Metadata-Version: 2.1
Name: storyteller-core
Version: 0.0.2
Summary: Multimodal AI Story Teller, built with Stable Diffusion, GPT, and neural text-to-speech
License: MIT
Author: Jaesung Tae
Author-email: jaesungtae@gmail.com
Requires-Python: >=3.8,<3.11
Classifier: License :: OSI Approved :: MIT License
Classifier: Programming Language :: Python :: 3
Classifier: Programming Language :: Python :: 3.8
Classifier: Programming Language :: Python :: 3.9
Classifier: Programming Language :: Python :: 3.10
Requires-Dist: diffusers (>=0.11.1,<0.12.0)
Requires-Dist: nltk (>=3.8.1,<4.0.0)
Requires-Dist: pre-commit[dev] (>=2.21.0,<3.0.0)
Requires-Dist: soundfile (>=0.11.0,<0.12.0)
Requires-Dist: transformers (>=4.25.1,<5.0.0)
Requires-Dist: tts (>=0.10.1,<0.11.0)
Description-Content-Type: text/markdown

# StoryTeller

[![Code style: black](https://img.shields.io/badge/code%20style-black-000000.svg)](https://github.com/psf/black)
[![License: MIT](https://img.shields.io/badge/License-MIT-yellow.svg)](https://opensource.org/licenses/MIT)

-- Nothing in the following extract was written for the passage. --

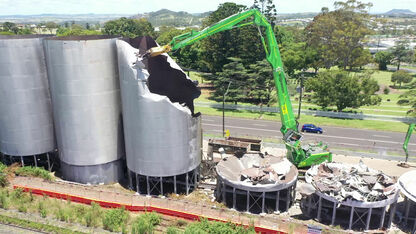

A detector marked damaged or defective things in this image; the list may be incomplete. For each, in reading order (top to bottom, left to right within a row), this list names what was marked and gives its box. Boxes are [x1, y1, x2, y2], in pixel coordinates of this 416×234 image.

A multimodal AI story teller, built with [Stable Diffusion](https://huggingface.co/spaces/stabilityai/stable-diffusion), GPT, and neural text-to-speech (TTS).

Given a prompt as an opening line of a story, GPT writes the rest of the plot; Stable Diffusion draws an image for each sentence; a TTS model narrates each line, resulting in a fully animated video of a short story, replete with audio and visuals.

![out](https://user-images.githubusercontent.com/25360440/210071764-51ed5872-ba56-4ed0-919b-d9ce65110185.gif)

## Installation

### PyPI

Story Teller is available on [PyPI](https://pypi.org/project/storyteller-core/).

```
$ pip install storyteller-core
```

### Source

1. Clone the repository.

```
$ git clone https://github.com/jaketae/storyteller.git
$ cd storyteller
```

2. Install dependencies.

```
$ pip install .
```

*Note: For Apple M1/2 users, [`mecab-python3`](https://github.com/SamuraiT/mecab-python3) is not available. You need to install `mecab` before running `pip install`. You can do this with [Hombrew](https://www.google.com/search?client=safari&rls=en&q=homebrew&ie=UTF-8&oe=UTF-8) via `brew install mecab`. For more information, refer to [this issue](https://github.com/SamuraiT/mecab-python3/issues/84).*


3. (Optional) To develop locally, install `dev` dependencies and install pre-commit hooks. This will automatically trigger linting and code quality checks before each commit.

```
$ pip install -e .[dev]
$ pre-commit install
```

## Quickstart

The quickest way to run a demo is through the CLI. Simply type

```
$ storyteller
```

The final video will be saved as `/out/out.mp4`, alongside other intermediate images, audio files, and subtitles.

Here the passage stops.